# [Records for processing]

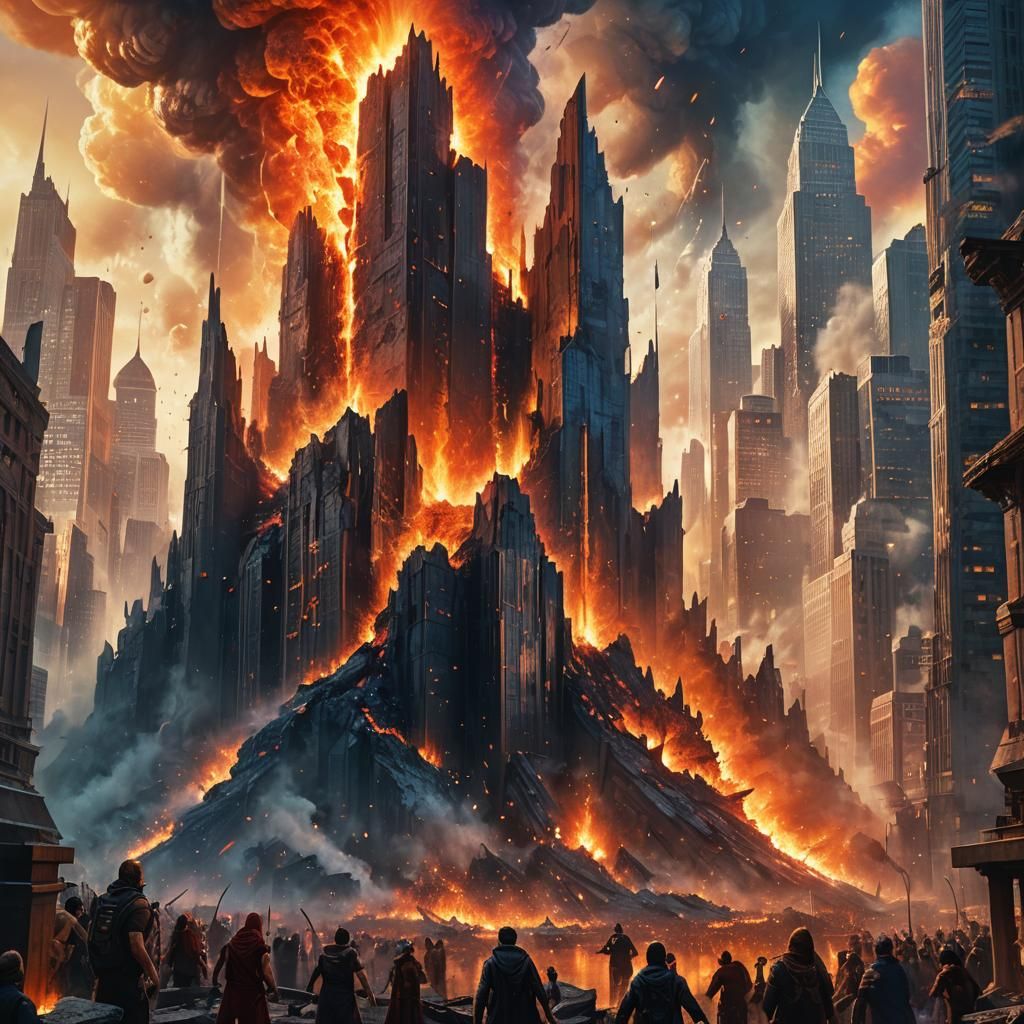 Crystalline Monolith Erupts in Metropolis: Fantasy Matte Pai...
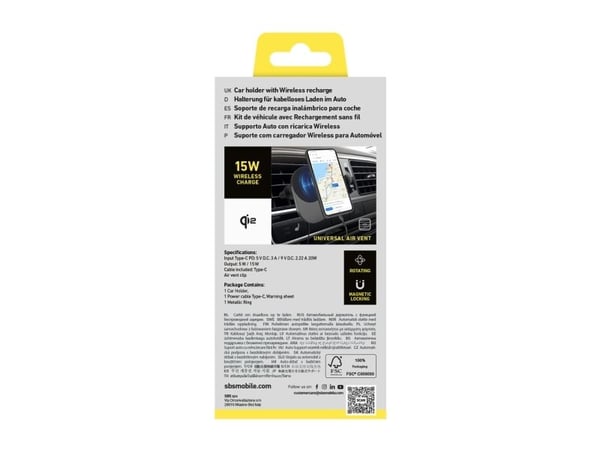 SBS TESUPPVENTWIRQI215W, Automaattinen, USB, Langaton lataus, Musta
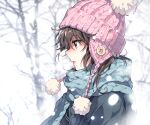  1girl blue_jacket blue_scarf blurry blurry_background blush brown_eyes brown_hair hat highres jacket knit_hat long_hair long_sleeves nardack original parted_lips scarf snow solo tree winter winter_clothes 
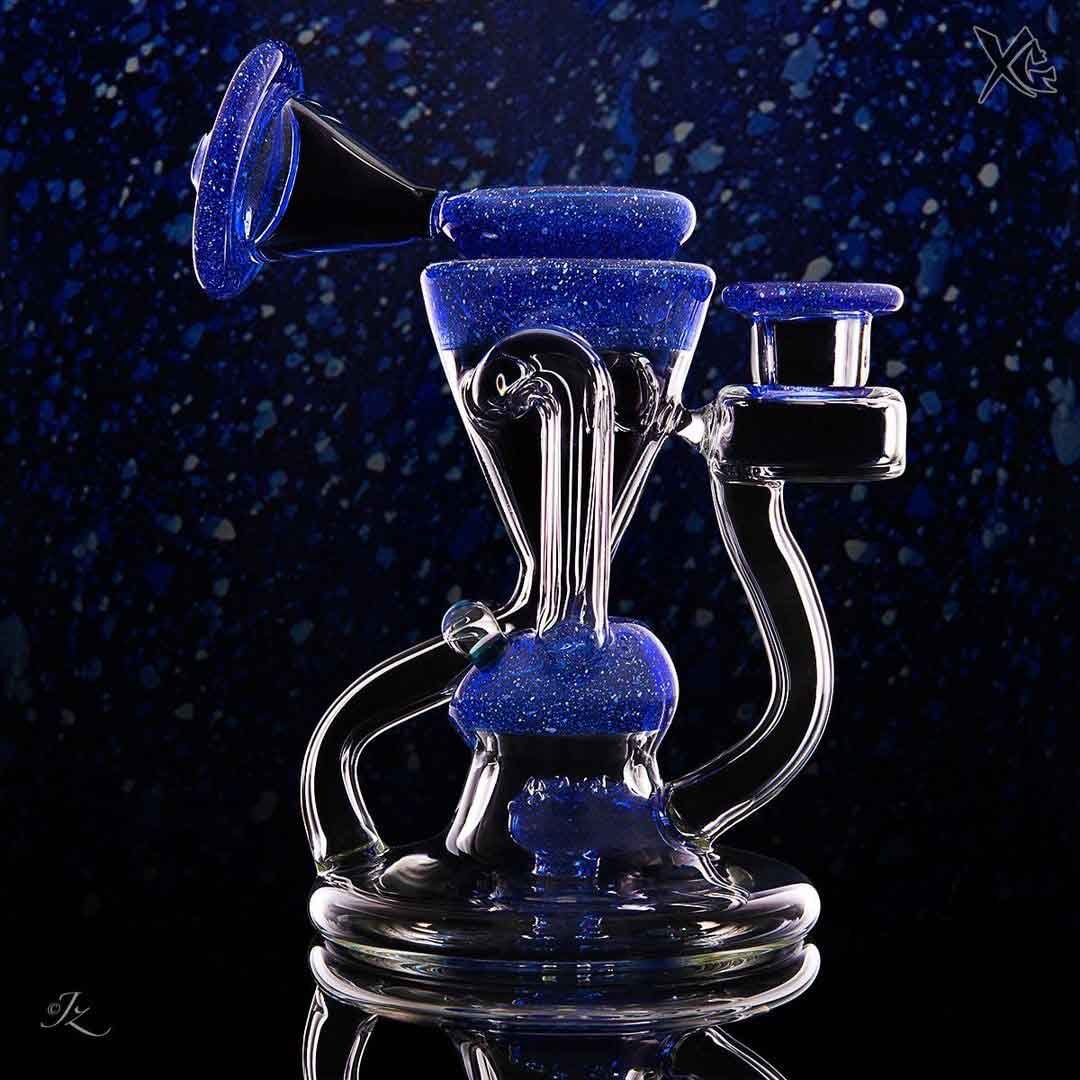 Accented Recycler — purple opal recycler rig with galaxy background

--

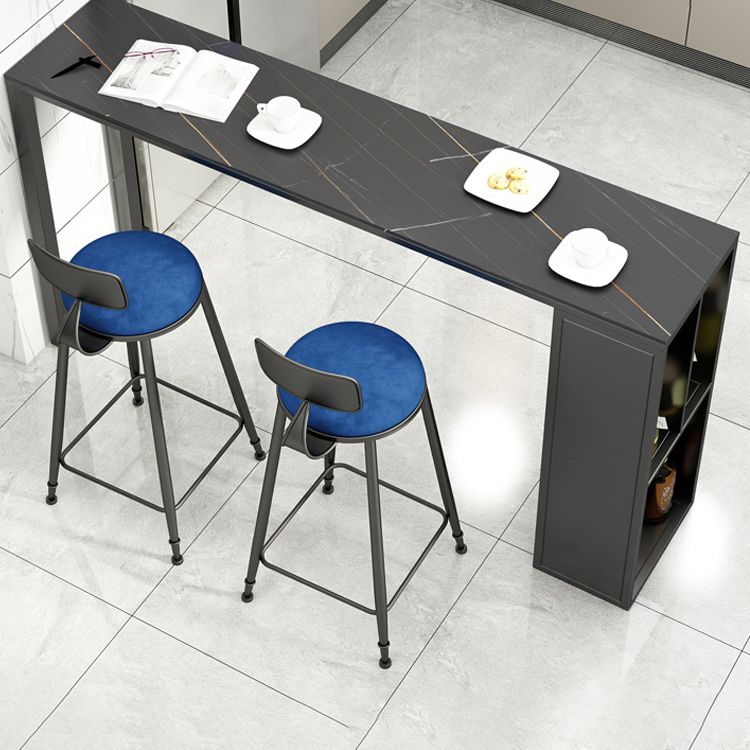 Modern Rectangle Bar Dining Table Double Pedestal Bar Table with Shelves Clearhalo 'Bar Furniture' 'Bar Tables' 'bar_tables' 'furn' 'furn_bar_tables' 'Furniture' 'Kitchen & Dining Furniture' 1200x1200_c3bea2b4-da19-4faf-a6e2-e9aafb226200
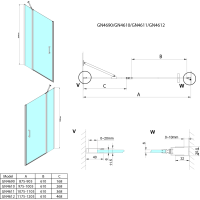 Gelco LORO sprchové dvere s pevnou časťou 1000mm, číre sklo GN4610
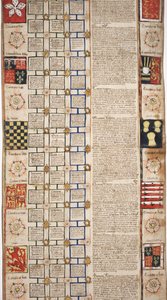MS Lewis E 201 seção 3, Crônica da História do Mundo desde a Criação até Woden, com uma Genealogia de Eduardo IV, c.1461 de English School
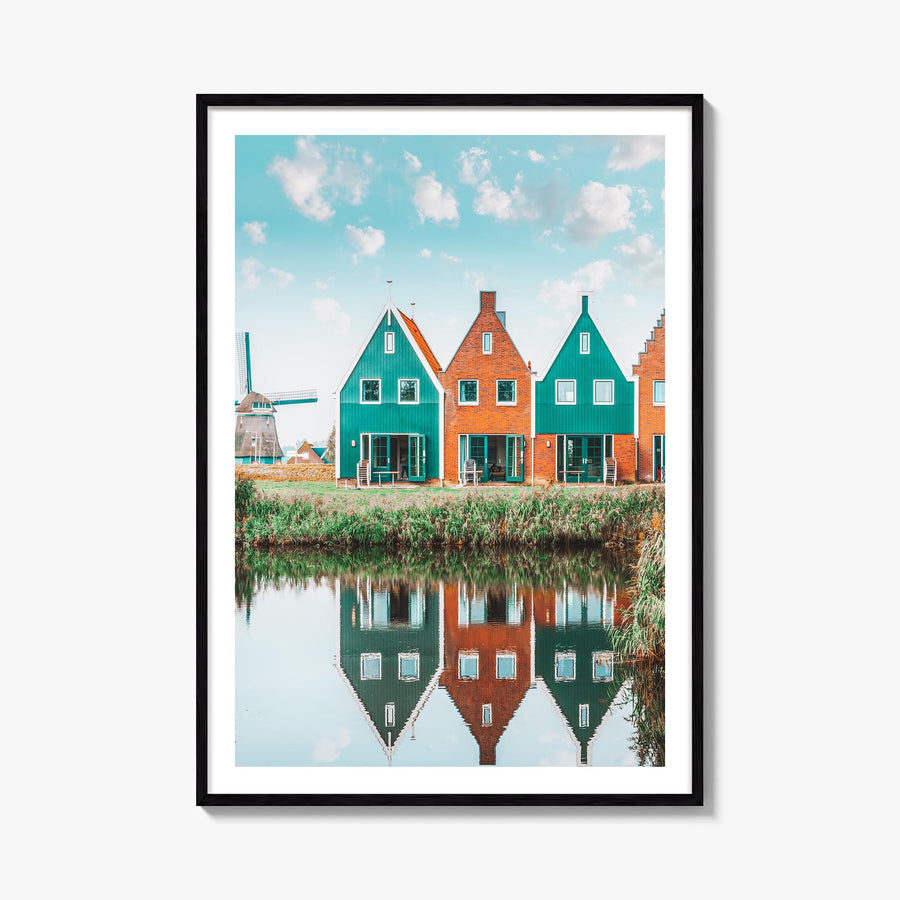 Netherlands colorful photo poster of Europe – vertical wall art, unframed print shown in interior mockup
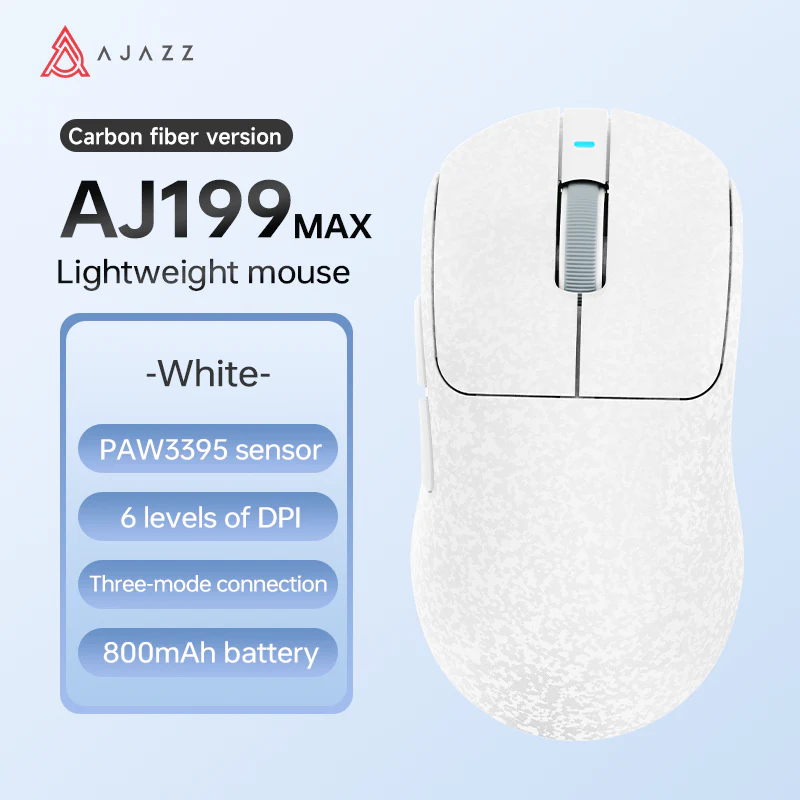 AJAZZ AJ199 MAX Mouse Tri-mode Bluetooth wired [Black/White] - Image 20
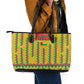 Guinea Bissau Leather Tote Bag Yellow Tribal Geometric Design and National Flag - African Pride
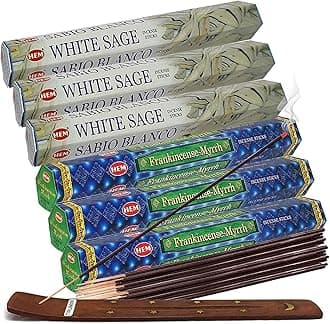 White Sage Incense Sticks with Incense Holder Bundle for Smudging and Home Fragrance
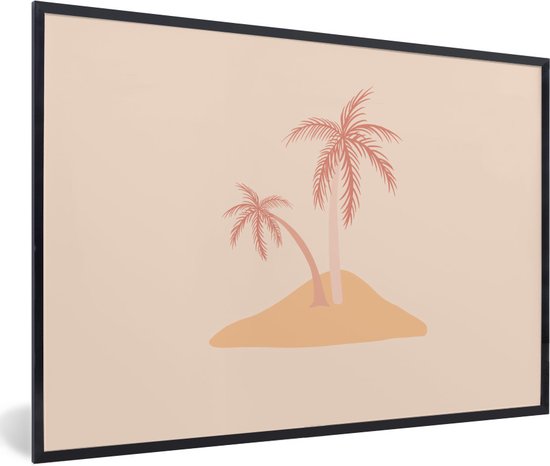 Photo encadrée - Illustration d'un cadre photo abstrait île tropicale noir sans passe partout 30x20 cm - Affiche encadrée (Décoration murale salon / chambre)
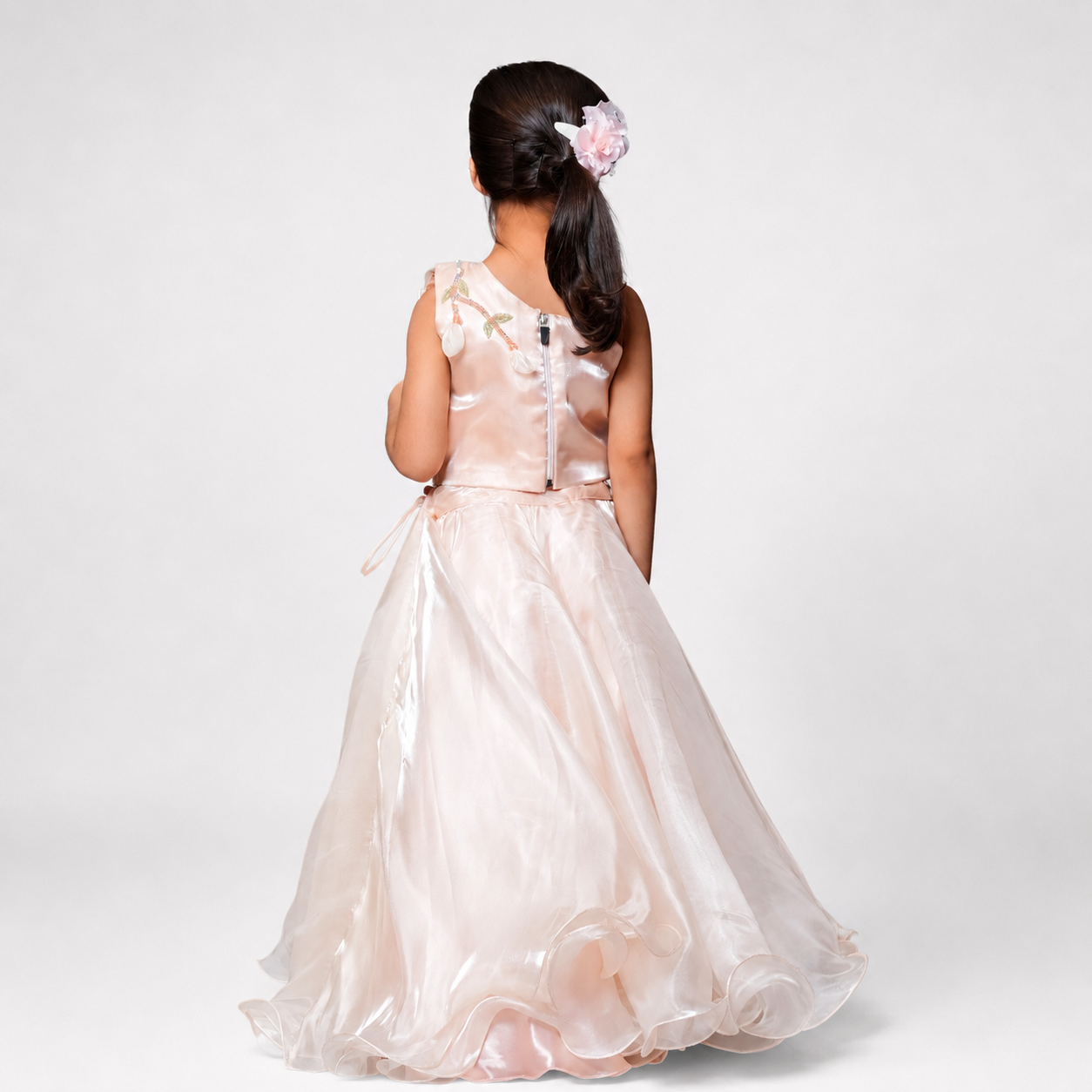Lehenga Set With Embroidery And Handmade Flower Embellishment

# [Your objective]
When you reach the line with "AJAZZ AJ199 MAX" in the records above, start writing out each line exactly, and stop after the line with "White Sage Incense". Pictures stay out.

# [Answer to this problem]
 AJAZZ AJ199 MAX Mouse Tri-mode Bluetooth wired [Black/White] - Image 20
 Guinea Bissau Leather Tote Bag Yellow Tribal Geometric Design and National Flag - African Pride
 White Sage Incense Sticks with Incense Holder Bundle for Smudging and Home Fragrance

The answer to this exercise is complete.